エコでスマートな住まいを住まい方から考えるワークショップを、開催しました。まずは、横浜市温暖化対策統括本部・吉野部長から、横浜市が進める「スマートな住まい・住まい方プロジェクト」の取組みが説明されました。その後、コーディネイターの東さんの進行で第1回目のワークショップは進みました。

横浜市の詳しい説明資料はこちら(PDF:2.98MB)

第一回カフェレポート(コーディネーター:東みちよ)

「住宅は、住むための道具である」--------まるでコルビュジェのモダニズムに疑問を投げかけるかのように、これからの時代の“住まい方”の新しいキーワードを導き出した第一回目の「スマートな住まい・住まい方カフェ」。講師には内山博文さん(株式会社リビタ)を迎え、革新的なリノベーションを手がけてきたこれまでの住まい提案と、これからのまちづくりについてお話を伺いました。

「持つ」から「住まい方」、「モノ」から「コト」への変化

コミュニティ作りを後押しする団地リノベの取組み

わが家を持つことが、人生の目標の一つだったのは少し前のこと。今は、わが家をどう住みやすく変えていくか? という住まい方のほうが大事だと内山さんはいいます。これまで手掛けてきた数々のリノベーション物件では、“余白のある家づくり”を提案してきました。

コミュニティ作りを後押しする団地リノベの取組み

「価値観の多様化によって、家の住まい方は大きく変わってきています。家は、作り手である施工者から、オーナーに引き渡してそこで終わり、というものではなく、そこに住む人が家をどんなふうに住みたいか? 一緒に住まい方を考えることのほうが大切なんですね。そのために私たちはリノベーションで住まいを提案する際には、スケルトンに近い状態でシンプルに仕上げることが多いです。そうやって家に余白を残すことで、そこに暮らす人の考える楽しみが生まれるんです。一緒にDIY体験してもらうために工具をお渡しすることもあります。ユーザーリテラシーに訴えるモノ作りのほうが、合理的で満足度も高いのです」

家計にも、環境にも、ローコストなリノベーション

住宅は、モノを作れば良かったという時代から、コトを創造し、ユーザーのニーズを堀り出し啓蒙していく時代へと変化していると内山さんは言います。またこうした考え方によるリノベーションは、経済面や環境面でもメリットがあるそう。

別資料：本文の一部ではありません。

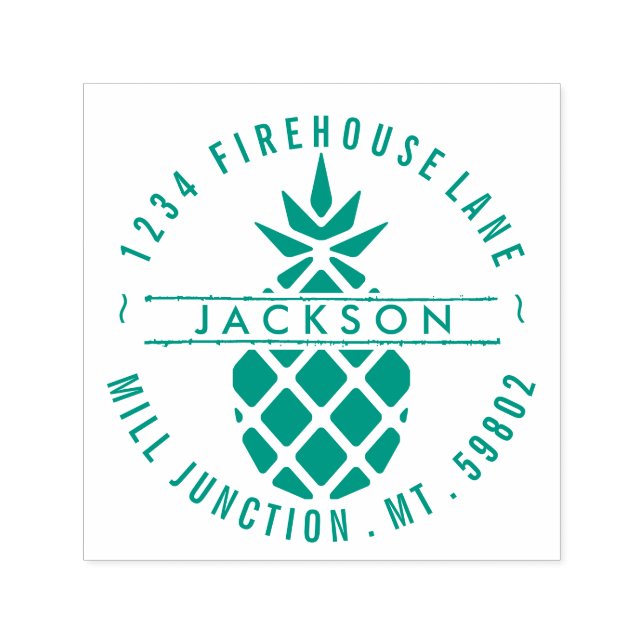 Automático Sello de dirección de retorno de autoentrada de pi (Diseño)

「私たちが主に手掛けてきたのは、築35年くらいの古い物件です。この時代は耐震設計が十分でなく、市場では価値も低いのですが、実はリノベーション物件としては魅力的でもあります。庭付きの戸建で約1500万円くらいでリノベーション工事ができます。断熱工事なども行い、エネルギーパス(※注1)の面でも配慮して仕上げることで、住む人にとってトータルでコスト削減となるような家作りをしています。またCO2排出の点から見ても、人が家に住む年数を平均80年として、新築を買い替えした場合と、中古住宅をリノベーションした場合とで比べても、その間に2回リノベーションするとして、トータルのCO2は約1/3に抑えられると言われています」

コミュニティ作りを後押しする団地リノベの取組み

コミュニティ作りを後押しする団地リノベの取組み コミュニティ作りを後押しする団地リノベの取組み

集合住宅においては、新しいコト作りもはじまっています。リビタが企画設計から運営管理を行うUR団地をリノベーションしたシェア型賃貸住宅「りえんと多摩平」では、シンプルな共同住宅の設計により、地域コミュニティの形成を後押ししています。

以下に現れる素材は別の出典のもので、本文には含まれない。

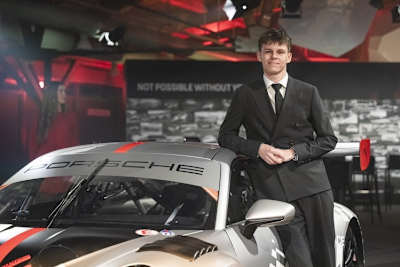 Bastian Buus debütiert 2026 mit Land-Motorsport in der DTM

「ここでの課題は、共同住宅の住人がいかに地域とつながるか、ということでした。そこで地元民と住民を結び付けるイベントを行ったり、住民同士のつながりを深めるための仕掛けも作りました。それが、部屋に水回りを置かないということです。キッチン、洗面などを共有することで、さまざまなつながりが生まれています」

地域と人を重視した、都市の多様性とは?---ポートランドの事例から

まちづくりの事例として、内山さんがいま注目しているのは米国ポートランドの取組み。都市の多様性は、これからのまちづくりの要となるのでは、と提案してくださいました。

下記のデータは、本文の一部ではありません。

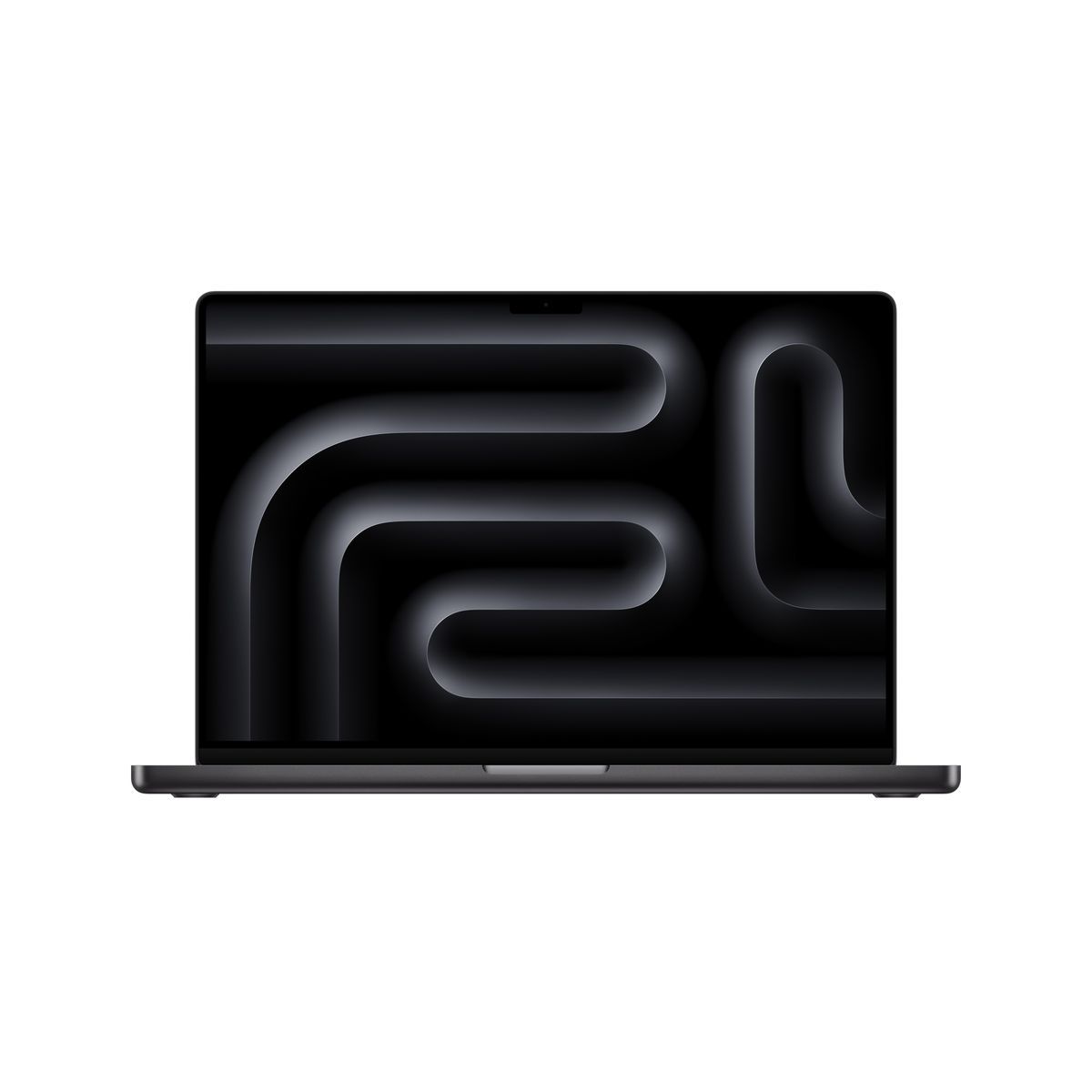 Apple MacBook Pro 16": Chip M4 Pro con cpu 14 core e gpu 20 core, 512GB SSD - Nero siderale [MX2Y3T/A]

「地域を大事にする、ローカルファーストとは何か? と思ったときに参考になるのがポートランドのまちづくりです。都市計画においては地域性を重視し、ショッピングセンターなどにもローカルブランドを優先させるなど徹底しています。大型建築はすべてLEED認証(※注2)が求められ、一方で古い建築などとも共存しています。住宅のDIYも盛んで、街にはDIY用の建材を揃えたショールームもあります。住まいは自分で作っていく、家は住むための道具であるという意識が高いんですね。ポートランドの街全体から、街と人とが心地よく調和している空気が感じられます。ここを訪れて今一度思い出すのは、ジェイン・ジェイコブスの言葉です。彼女は都市計画においては、混用地域、小規模ブロック、古い建物の必要性を説きましたが、私たちの街づくりにも同じことがいえるかもしれませんね」

レポート:東みちよ

かつてアメリカの都市計画に疑問を投げかけたジェイン・ジェイコブスの言葉は、いままさに私たちが暮らす横浜にも、共通の課題を含んでいるように思われます。高密な都市でありながら、古い建築物や、昔ながらの露地なども混在し、多様性を育んできた横浜。
内山さんとの対話では、そうした多様性を踏まえてもう一度、「スマートな住まい、住まい方とは何か?」を巡っての議論が盛り上がりました。環境未来都市のゆくえを考える上でも、第一回目のトークは、次へとつながる濃密な提言となりました。

カフェレポート①

・横浜市 温暖化対策統括本部
 環境未来都市推進担当部長 吉野議章

・株式会社リビタ 常務取締役
 内山博文

カフェレポート②

対談
・株式会社リビタ 常務取締役 内山博文
・コーディネーター:東みちよ

<注解説>

※1 エネルギーパス EU全土で義務化されている「家の燃費」を表示する証明書。ここでは家の燃費という意味で表現されている。
※2 LEED認証 Leadership in Energy and Environmental Designの略で、建築物全体の企画・設計から建築施工、運営・メンテナンスまでにわたって省エネ、環境負荷を評価するもの。米国グリーンビルディング協会が実施している。